- Directions for this task:
When you copy the listing, reproduce each line as it appears and omit every image.
==== Materials provided
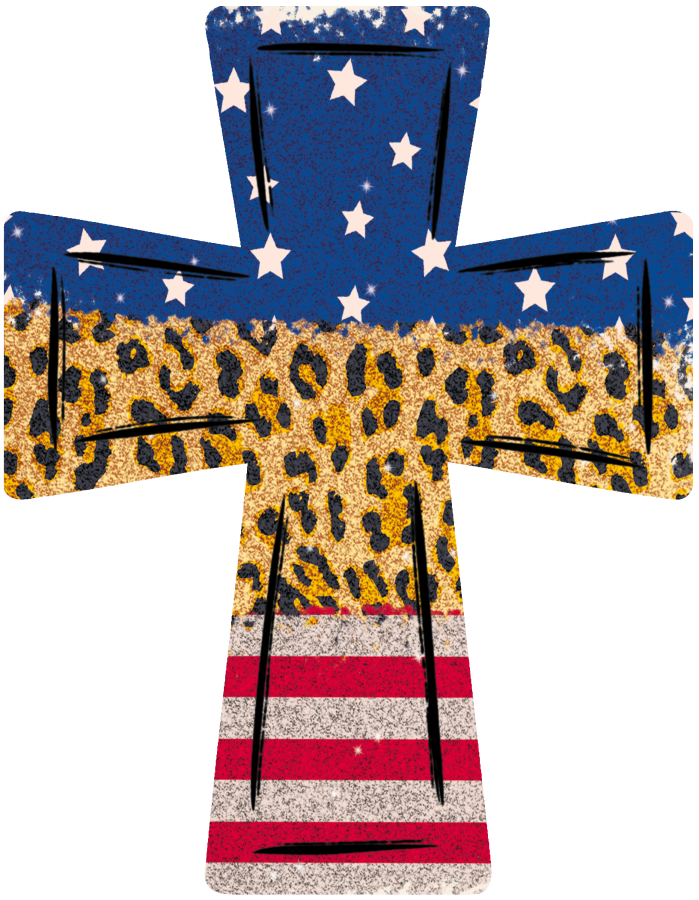 Patriotic Cross 22" Wood Door Hanger - DECOE-W-698-DH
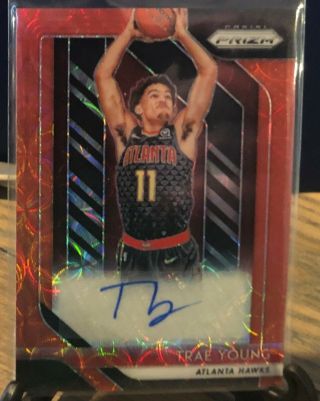 2018 - 19 Prizm Choice Red Auto Trae Young Rookie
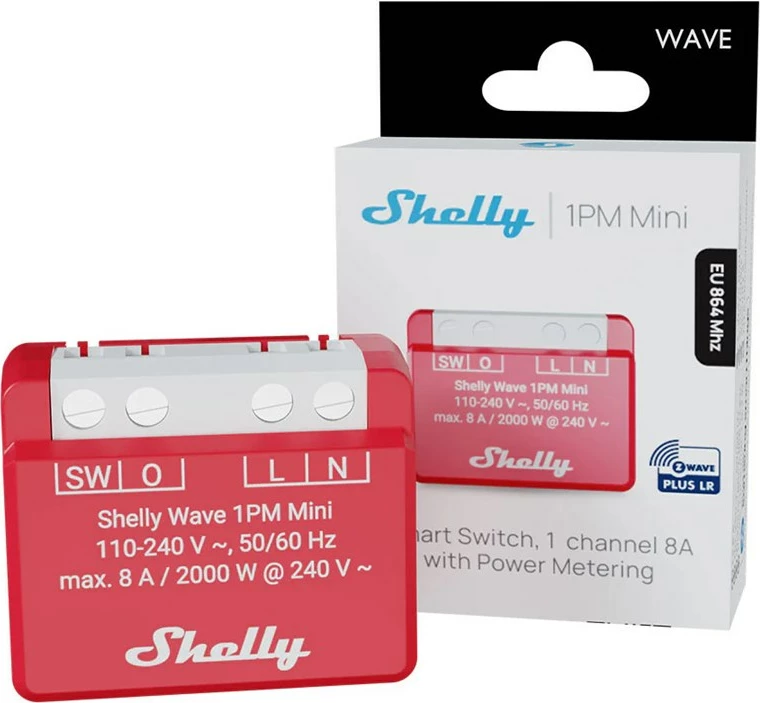 Relé inteligjente Shelly Wave 1PM Mini LR, wireless, 110-240V AC, e kuqe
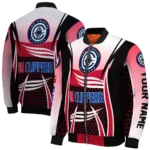 customized los angeles clippers mesh effect red black bomber jacket best selling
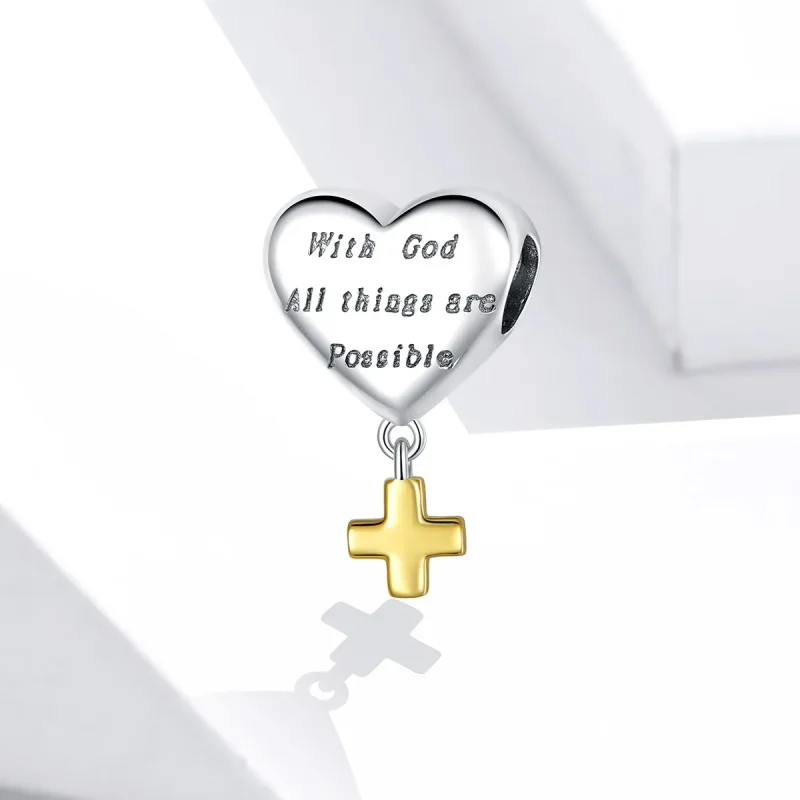 (imagine pentru) Talisman pandantiv Tip Pandora cu Cu Dumnezeu toate lucrurile sunt posibile în d - Vizualizare 2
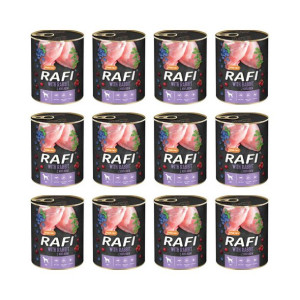 Pakiet Rafi Mokra Karma Dla Psa Królik, Borówka, Żurawina 12 x 800 g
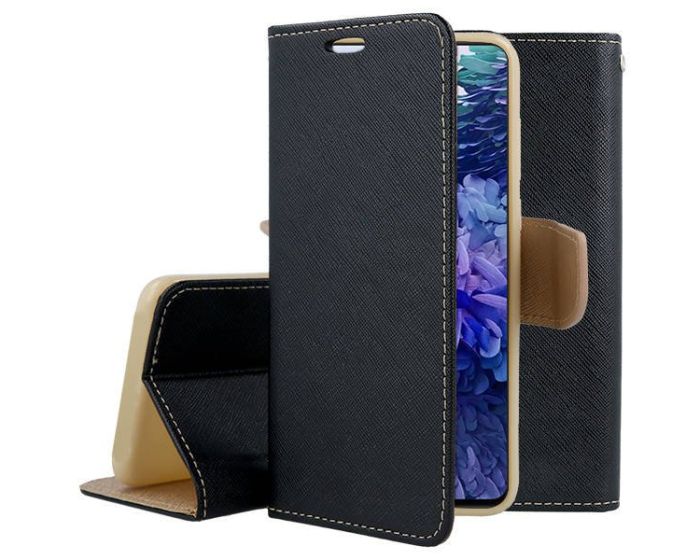 Tel1 Fancy Diary Case Θήκη Πορτοφόλι με δυνατότητα Stand Black / Gold (Samsung Galaxy S20 FE)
========
- Final answer:
 Patriotic Cross 22" Wood Door Hanger - DECOE-W-698-DH
 2018 - 19 Prizm Choice Red Auto Trae Young Rookie
 Relé inteligjente Shelly Wave 1PM Mini LR, wireless, 110-240V AC, e kuqe
 customized los angeles clippers mesh effect red black bomber jacket best selling
 (imagine pentru) Talisman pandantiv Tip Pandora cu Cu Dumnezeu toate lucrurile sunt posibile în d - Vizualizare 2
 Pakiet Rafi Mokra Karma Dla Psa Królik, Borówka, Żurawina 12 x 800 g
 Tel1 Fancy Diary Case Θήκη Πορτοφόλι με δυνατότητα Stand Black / Gold (Samsung Galaxy S20 FE)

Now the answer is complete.